Comparative example 1 and example 2 the product properties obtained with different silicon sources were not very different. In example 3, product properties were made with a different aluminum source than in example 1 with little difference. Example 4 further increases the crystallization temperature and produces a product with a reduced specific surface area. Example 5 crystallization was performed under vacuum at the initial pressure based on example 2, and the specific surface area of the obtained product was not greatly changed. Example 6 crystallization was carried out under vacuum conditions at the initial pressure, and the crystallization temperature was increased, and the combined action of both increased the specific surface area of the product, which was helpful to improve the catalytic performance of mordenite with high silica-alumina ratio.

Compared with example 6, examples 7-10 are different templating agent dosage comparison experiments, and the specific surface area of the prepared product is increased with the increase of the templating agent dosage, but certainly, the specific surface area of the prepared product is not changed greatly after the templating agent dosage is too large, and a proper templating agent dosage range is needed. Compared with example 6, examples 11-12 adopt better raw material feeding proportion, and the prepared product has better heat resistance stability.

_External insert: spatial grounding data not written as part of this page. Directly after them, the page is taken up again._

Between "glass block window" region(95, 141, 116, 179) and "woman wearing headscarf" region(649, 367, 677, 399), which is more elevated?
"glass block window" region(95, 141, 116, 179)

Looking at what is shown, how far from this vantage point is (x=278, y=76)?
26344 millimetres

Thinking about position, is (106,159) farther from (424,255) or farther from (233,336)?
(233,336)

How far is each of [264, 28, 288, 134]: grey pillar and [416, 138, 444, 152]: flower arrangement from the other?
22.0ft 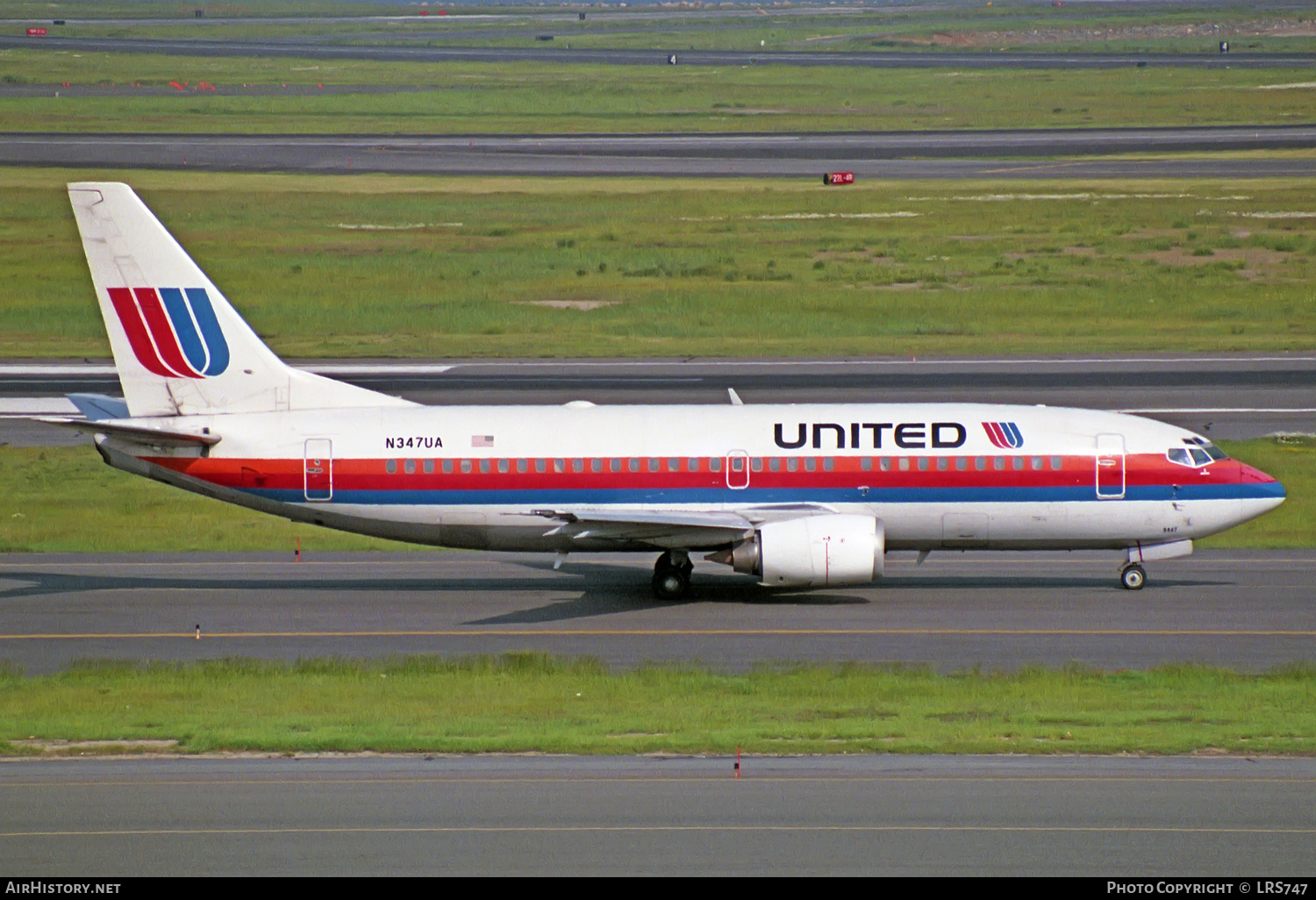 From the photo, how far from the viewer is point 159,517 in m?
46.7

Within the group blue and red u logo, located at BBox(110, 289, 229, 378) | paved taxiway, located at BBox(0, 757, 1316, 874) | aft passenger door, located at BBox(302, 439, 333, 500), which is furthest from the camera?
Result: blue and red u logo, located at BBox(110, 289, 229, 378)

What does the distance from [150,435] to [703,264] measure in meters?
55.9

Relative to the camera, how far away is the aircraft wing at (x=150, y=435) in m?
36.5

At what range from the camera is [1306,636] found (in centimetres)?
3291

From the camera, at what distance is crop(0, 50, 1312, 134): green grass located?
149000 mm

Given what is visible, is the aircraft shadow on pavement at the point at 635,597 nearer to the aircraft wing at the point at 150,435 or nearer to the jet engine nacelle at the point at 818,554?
the jet engine nacelle at the point at 818,554

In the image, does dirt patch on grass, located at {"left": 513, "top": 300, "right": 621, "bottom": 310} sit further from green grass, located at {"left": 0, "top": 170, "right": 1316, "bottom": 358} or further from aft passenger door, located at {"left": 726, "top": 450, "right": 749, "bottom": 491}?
aft passenger door, located at {"left": 726, "top": 450, "right": 749, "bottom": 491}

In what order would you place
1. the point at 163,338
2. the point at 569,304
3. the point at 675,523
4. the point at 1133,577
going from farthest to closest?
the point at 569,304
the point at 163,338
the point at 1133,577
the point at 675,523

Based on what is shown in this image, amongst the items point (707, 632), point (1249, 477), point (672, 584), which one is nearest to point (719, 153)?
point (1249, 477)

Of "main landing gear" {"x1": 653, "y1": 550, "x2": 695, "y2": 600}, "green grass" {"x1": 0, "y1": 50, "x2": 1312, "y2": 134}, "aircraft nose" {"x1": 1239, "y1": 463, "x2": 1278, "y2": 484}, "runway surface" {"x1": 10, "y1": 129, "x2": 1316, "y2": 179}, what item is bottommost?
"main landing gear" {"x1": 653, "y1": 550, "x2": 695, "y2": 600}

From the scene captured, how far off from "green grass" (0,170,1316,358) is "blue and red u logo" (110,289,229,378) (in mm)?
33649

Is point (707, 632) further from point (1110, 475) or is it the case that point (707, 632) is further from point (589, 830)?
point (589, 830)

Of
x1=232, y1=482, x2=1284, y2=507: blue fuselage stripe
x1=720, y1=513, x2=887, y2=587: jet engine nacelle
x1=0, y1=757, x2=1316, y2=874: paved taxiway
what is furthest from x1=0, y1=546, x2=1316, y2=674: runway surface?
x1=0, y1=757, x2=1316, y2=874: paved taxiway

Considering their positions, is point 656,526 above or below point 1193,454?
below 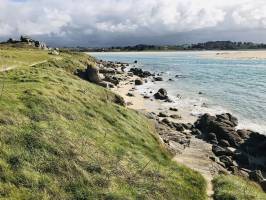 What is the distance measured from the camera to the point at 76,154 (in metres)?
21.7

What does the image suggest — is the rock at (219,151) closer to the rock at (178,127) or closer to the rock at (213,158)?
the rock at (213,158)

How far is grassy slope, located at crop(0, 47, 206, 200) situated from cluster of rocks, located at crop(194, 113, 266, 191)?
7207 millimetres

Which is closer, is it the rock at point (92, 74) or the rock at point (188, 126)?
the rock at point (188, 126)

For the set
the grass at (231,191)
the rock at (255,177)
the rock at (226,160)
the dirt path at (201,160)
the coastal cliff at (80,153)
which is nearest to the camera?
the coastal cliff at (80,153)

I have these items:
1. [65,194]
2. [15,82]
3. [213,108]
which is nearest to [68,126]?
[65,194]

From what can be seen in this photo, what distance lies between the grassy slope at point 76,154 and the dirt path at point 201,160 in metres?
1.79

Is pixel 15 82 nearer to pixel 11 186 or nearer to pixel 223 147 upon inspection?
pixel 11 186

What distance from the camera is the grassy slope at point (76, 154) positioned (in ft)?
63.1

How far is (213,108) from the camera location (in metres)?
61.3

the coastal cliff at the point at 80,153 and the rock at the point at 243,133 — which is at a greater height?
the coastal cliff at the point at 80,153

Compared with example 11, the process parameters of the steps of examples 13-16 are changed, wherein the crystallization temperature of example 13 is lower, the specific surface area of the prepared product is lower, and the heat resistance stability is poor. The examples 14 to 16 select proper process parameters, and the prepared product has higher specific surface area and better heat-resistant stability, thereby being beneficial to the market popularization of the product.

The embodiments of the present invention are preferred embodiments of the present application, and the scope of protection of the present application is not limited by the embodiments, so: all equivalent changes made according to the structure, shape and principle of the present application shall be covered by the protection scope of the present application.